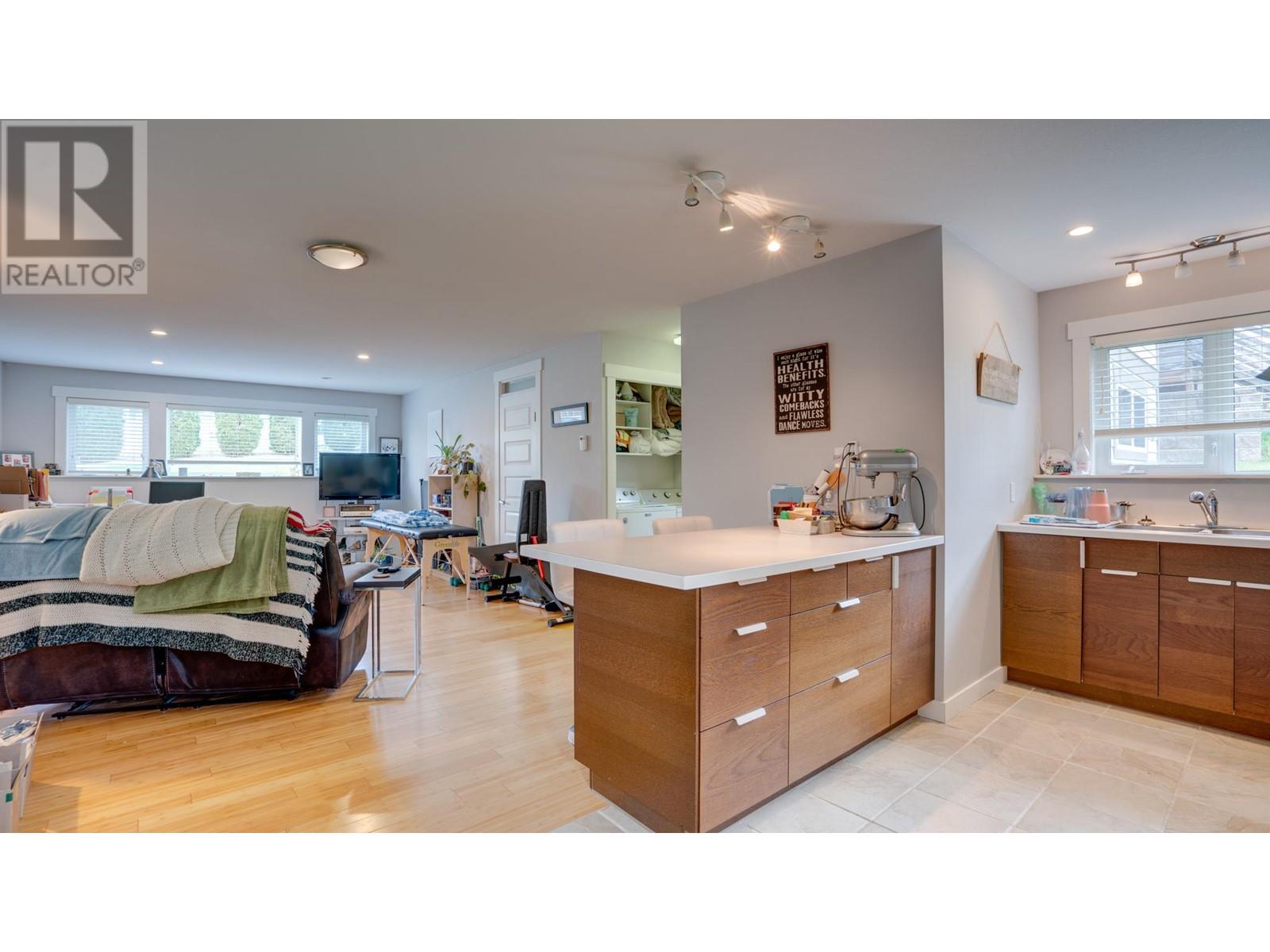 1920 36th Street Ne, Salmon Arm, British Columbia  V1E 2Z2 - Photo 40 - 10344083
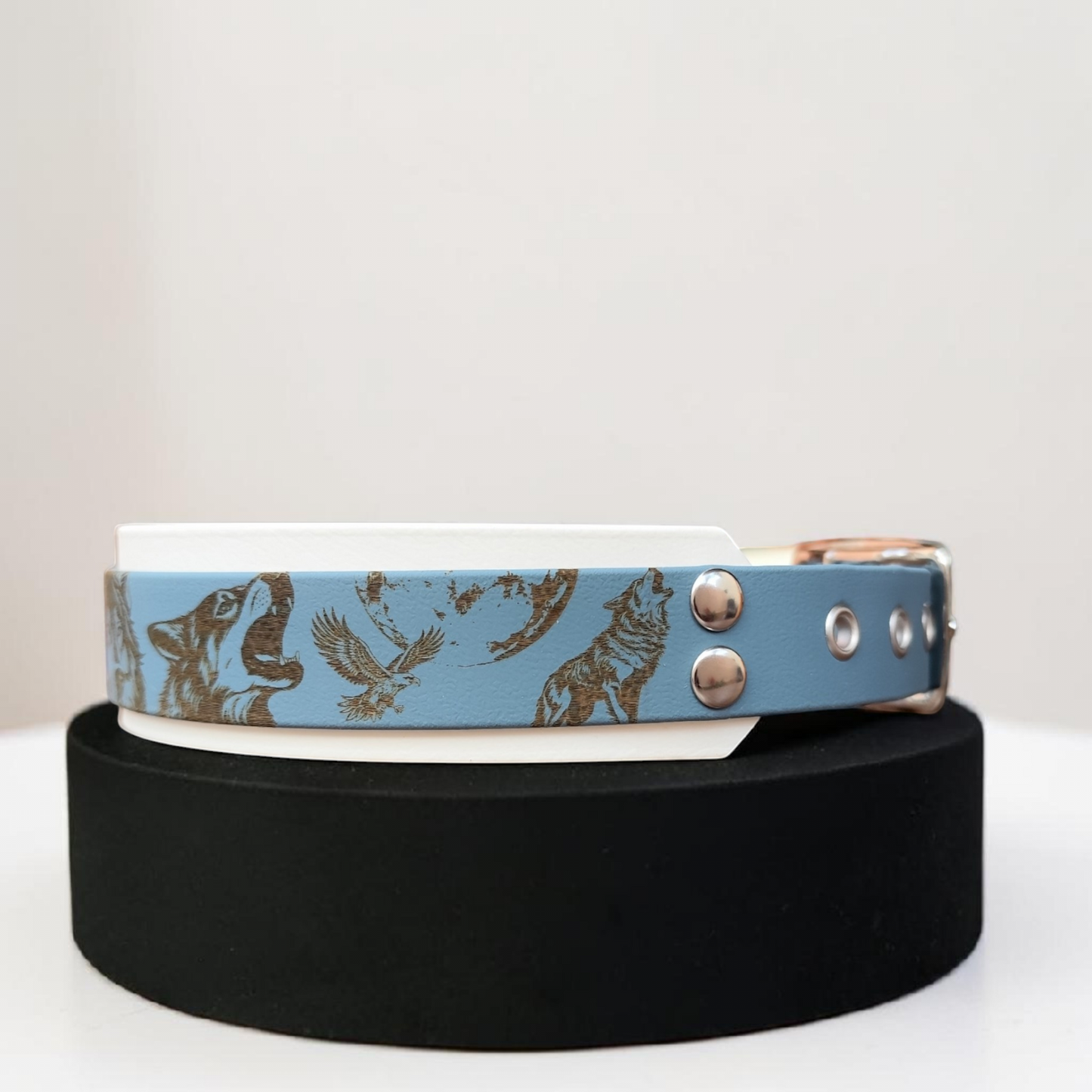 collier superposé biothane blanc pétrole vue côté gauche
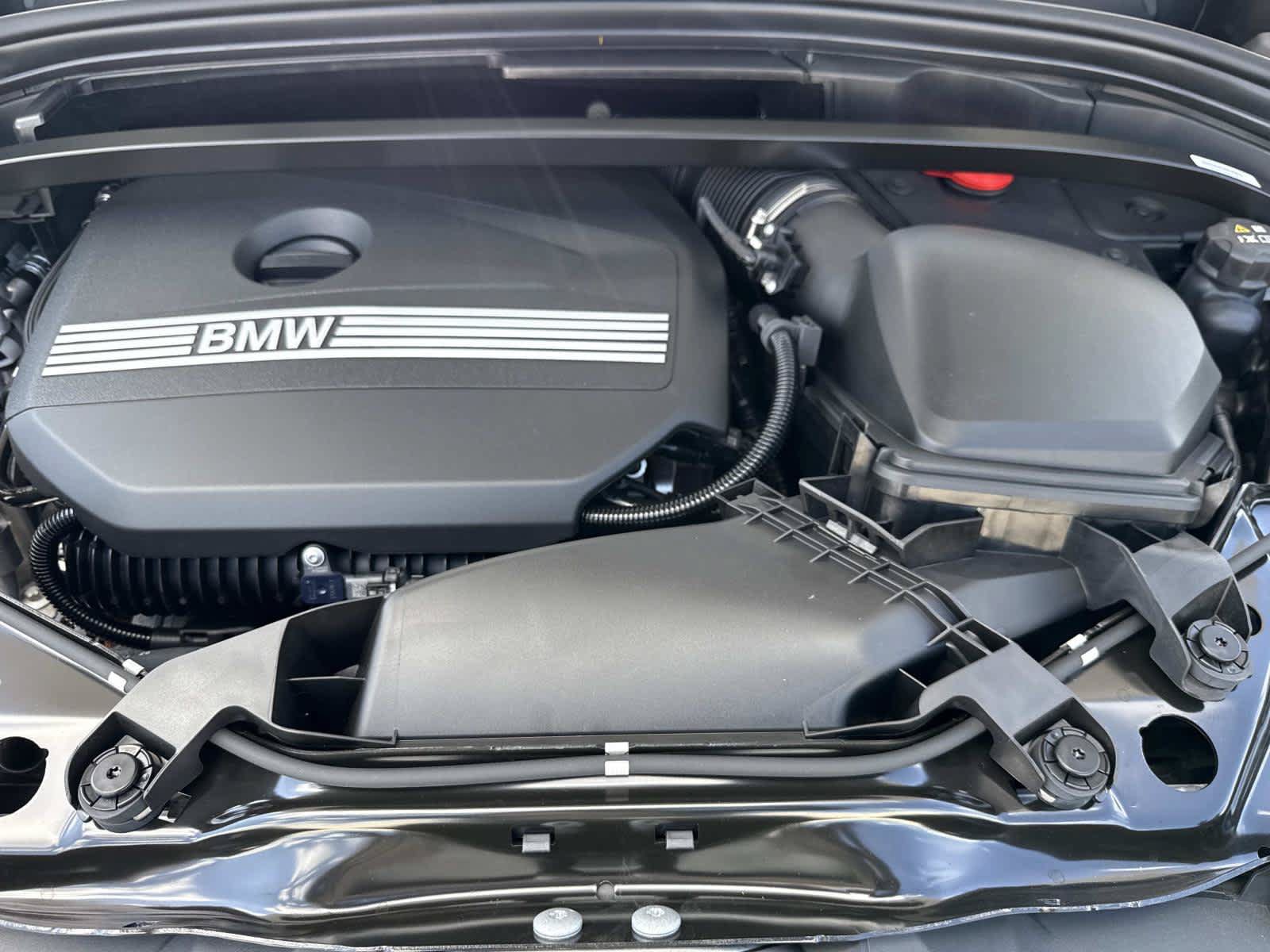 New 2026 BMW X2 xDrive28i w/ Technology Package AWD/4WD image 13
—————
Assignment
Could you retype exactly, and only, the lines running from the one with "collier superposé biothane" to the last line of the listing, while leaving any pictures out?

Your response
 collier superposé biothane blanc pétrole vue côté gauche
 New 2026 BMW X2 xDrive28i w/ Technology Package AWD/4WD image 13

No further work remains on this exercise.